Steroid acne typically presents on the chest. It may also appear on other parts of the body including the back, neck, face and arms. This type of acne appears as small itchy bumps on the skin. Most of the time these bumps are all the same size, which is different than common acne vulgaris. The lesions may also have pustules.
Most cases of steroid acne, or folliculitis, are superficial and will clear up on their own once steroid use is discontinued. However, even superficial cases may be uncomfortable and embarrassing. The bumps may have whiteheads that itch and can get infected when scratched. Severe cases can cause permanent scarring and hair loss.
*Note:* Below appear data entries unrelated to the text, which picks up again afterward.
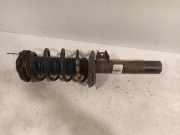 Federbein Links Vorne 1T0412031GS Volkswagen Golf VI Variant (AJ5/1KA) Kombi 1.4 TSI 122 16V (CAXA(Euro 5)) 2009 CAXA(Euro 5)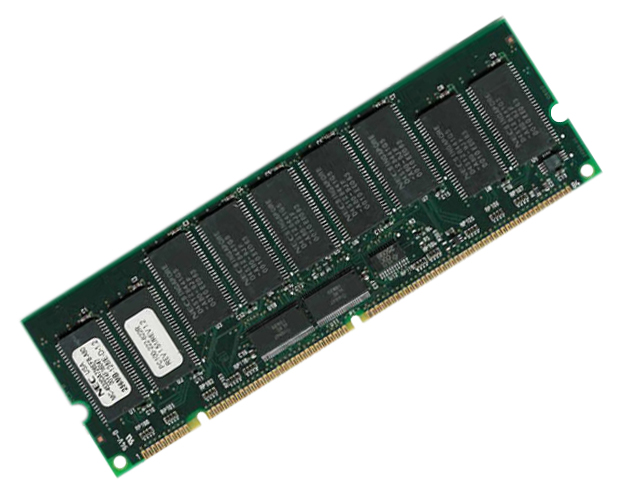 MEM-256M-AS535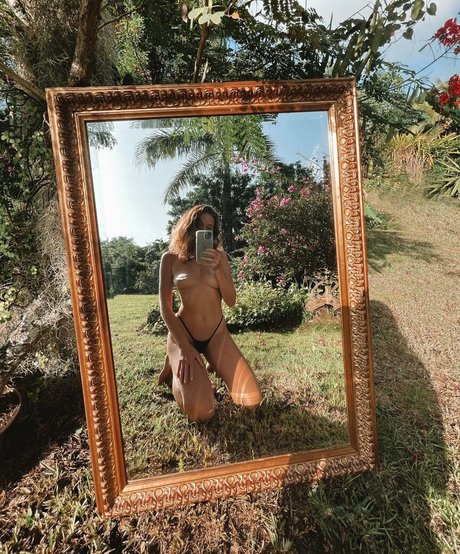 Iamjessinfairyland star nude galleries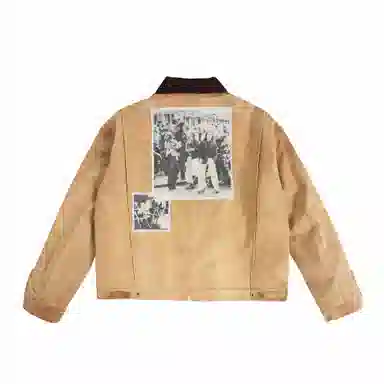WANNA LAB 25ss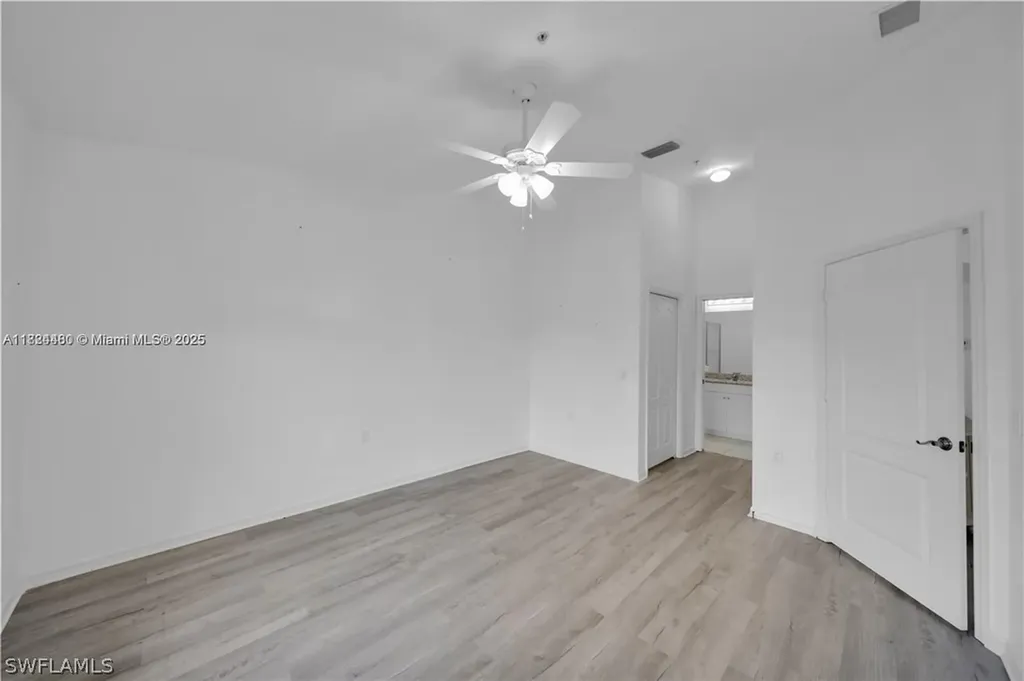 365 Stella Maris Drive N Naples FL 34114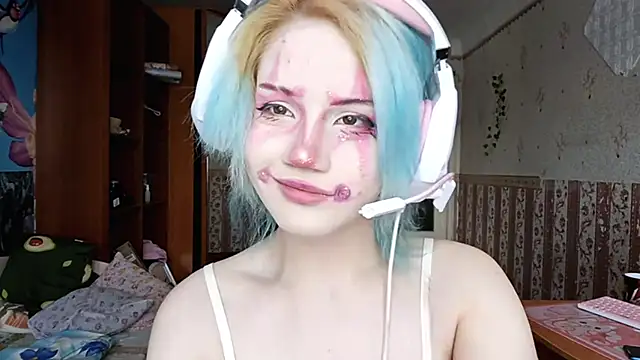 KathernSaulters's cam snapshot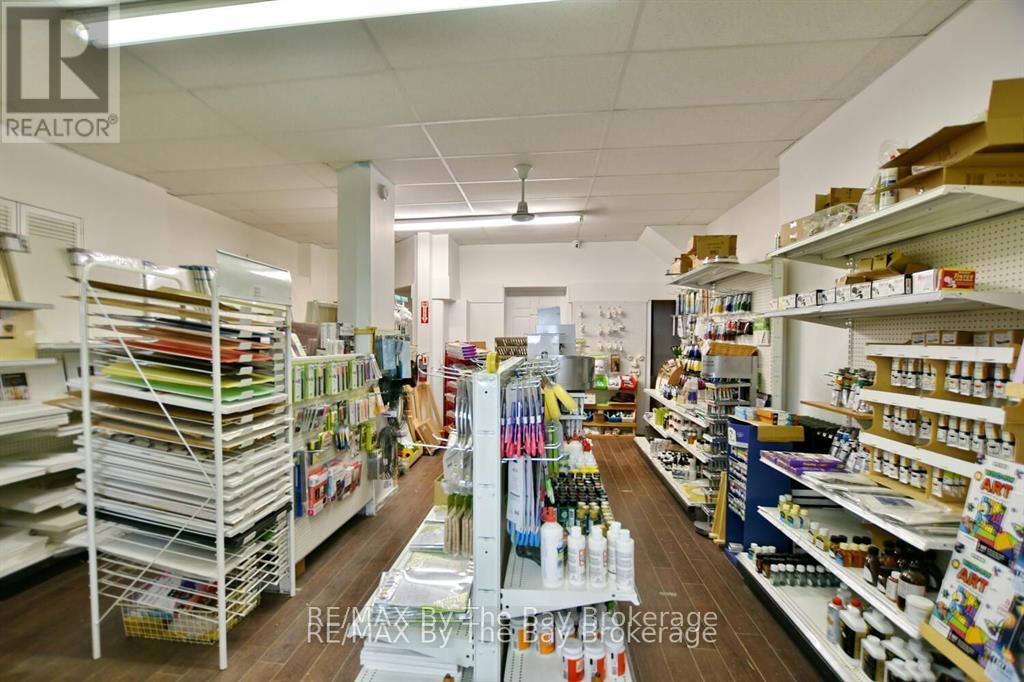 7271 26 Highway, Clearview (Stayner), ON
Steroid acne is very similar in appearance to acne vulgaris and a number of different varieties of folliculitis--including Staphylococcal folliculitis, Pseudomonas folliculitis, Tinea barbae, Pityrosporum folliculitis and others. Because the treatment of these different skin infections and conditions may be very different, it's important to properly identify the condition. If the outbreak doesn't begin to clear on its own after a few days, or if it begins to spread, the patient should consult a qualified physician for treatment.
According to the Department of Dermatology, University of Pennsylvania School of Medicine, a once- to twice-daily topical application of a 0.05 percent tretinoin solution is effective in treating steroid acne. Complete clearing of the condition can typically be achieved, even if the patient continues to use steroids.
In a study reported in the National Center for Biotechnology Information (http://www.ncbi.nlm.nih.gov/pubmed/18561585), more than 300 patients who had used a formulation of hydrocortisone 0.75 percent and precipitated sulfur 0.5 percent were sampled. The formulation was used as a treatment for seborrheic dermatitis and in combination with prescription topical medications for the treatment of acne and rosacea with tolerability problems. The results of the study showed no instances of steroid acne when topical hydrocortisone 0.75 percent is compounded sulfur.